What you are asked to do — Your answer must be the exact lines of the listing below that run from the line with "Control Condoms Préservatifs" to the line with "Bolso banalero ecocuero", ends included, and no pictures.

Records provided —
● ● ● ●

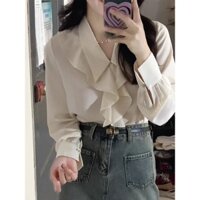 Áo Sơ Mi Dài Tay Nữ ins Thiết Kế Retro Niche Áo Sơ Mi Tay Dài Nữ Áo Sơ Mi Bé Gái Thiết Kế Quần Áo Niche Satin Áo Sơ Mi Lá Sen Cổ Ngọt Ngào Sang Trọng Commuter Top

● ● ● ●

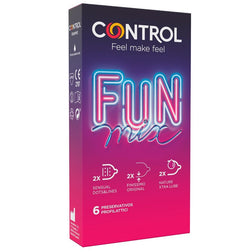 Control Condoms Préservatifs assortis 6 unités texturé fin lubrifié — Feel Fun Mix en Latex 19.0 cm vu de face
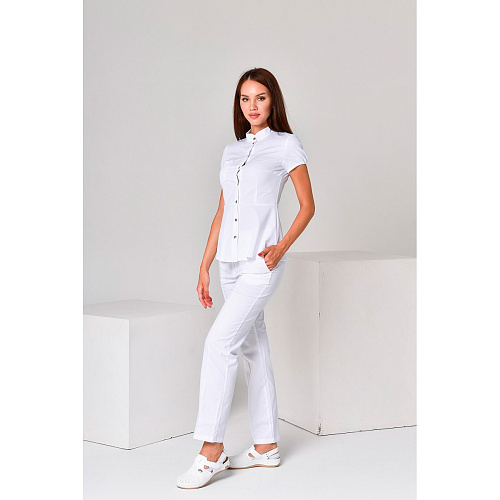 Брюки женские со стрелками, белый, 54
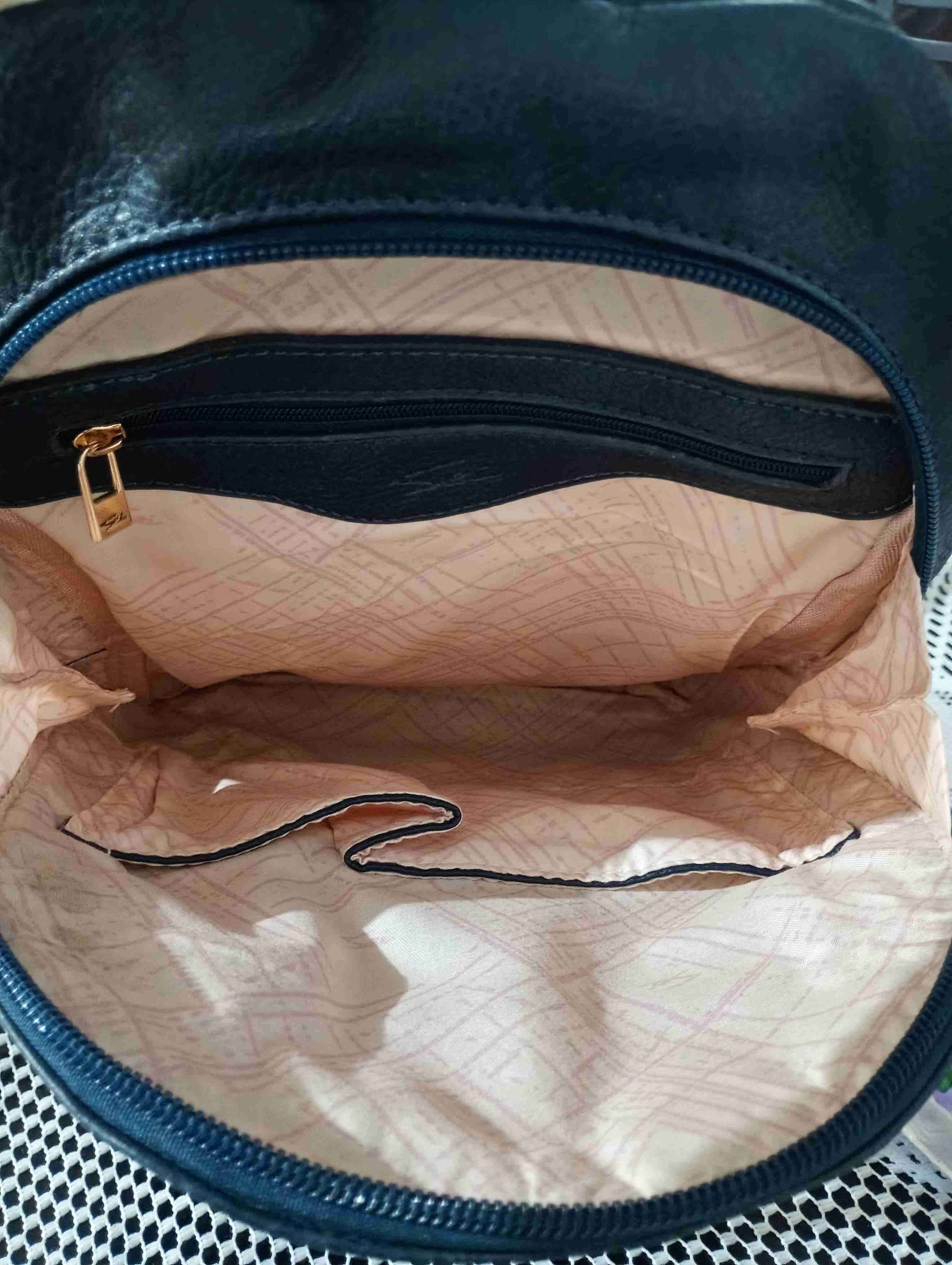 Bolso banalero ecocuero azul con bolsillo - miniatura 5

● ● ● ●

Your response —
 Control Condoms Préservatifs assortis 6 unités texturé fin lubrifié — Feel Fun Mix en Latex 19.0 cm vu de face
 Брюки женские со стрелками, белый, 54
 Bolso banalero ecocuero azul con bolsillo - miniatura 5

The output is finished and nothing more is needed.